After all my jubilations about cracking the code of my stitch pattern, I went home on Monday night and started ripping. Baah!
There was a lot of muttering and frowning.
More ripping on Tuesday night. Baah! and double baah!
Lots and lots of scribbling and counting.
I put it away at 10pm last night and settled down with a good book.
This morning I came to work (ssh! don't tell my boss!) and started drawing circles. 36 circles in total. I might take a photo later.
Every circle represented a different cross-section of my leg / the stocking. From 96 stitches, down to 62 across 9 pattern repeats vertically and reducing from 13 to 9 repeats horizontally, with a "seam allowance". My father was an engineering draughtsman and I think I must take after him. The only way I could "see" what had to happen was to make these drawings, and annotate them with my sums.

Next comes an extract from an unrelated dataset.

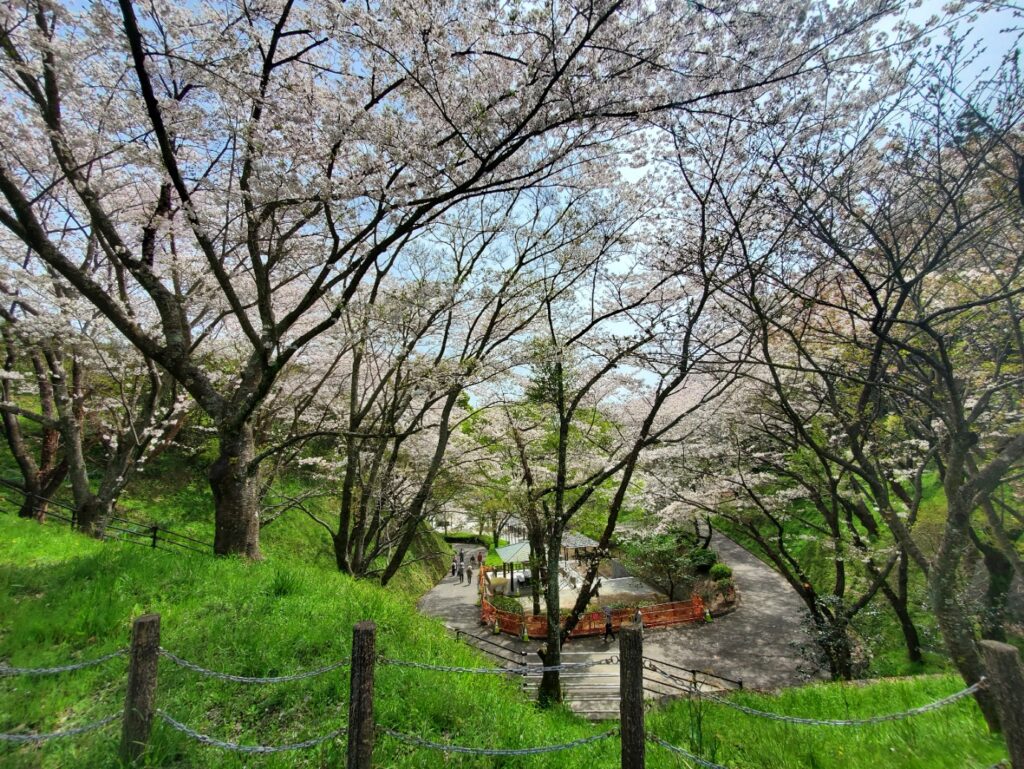 蓮花寺池公園芝生公園を抜け、若王子古墳群へ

The problem is that my chosen stitch pattern was never designed to be knitted "in the round", so doesn't take kindly to being "halved" to allow for decreases down the leg. Nasty things happen when you attempt to "half" this pattern in the round: the fabric starts to get wider instead of narrower; the lacey bits start to bunch together at one side of the "joining point", like a spider's web, while the other side becomes a dense blanket of solid stockinette. It took me 6 inches of work to realise the full horror - which serves me right for getting cocky on the blog!
I hesitate to blow my trumpet again... but this time I am certain I know how to do this thing! Transcribing my diagrams, I have written out 9 x 12 rows, line by line, long-hand, with symbols for where to place the essential stitchmarkers. (Never EVER take your stitchmarkers out, children!) And used shockingly bright yellow highlighter pen at the points where the pattern needs to "step back" a full repeat at either side of the centre back, even though it looks like there is acres of leeway for decreases just over the other side of that stitchmarker... don't you believe it, girl! LEAVE that stitch maker ALONE!
This weekend I will write up the pattern for Robynn at Purlescence. Meantime, there will be lots of calm peaceful steady knitting, following my manuscript note by note, with no more creative improvisations around the theme. I have learned another lesson.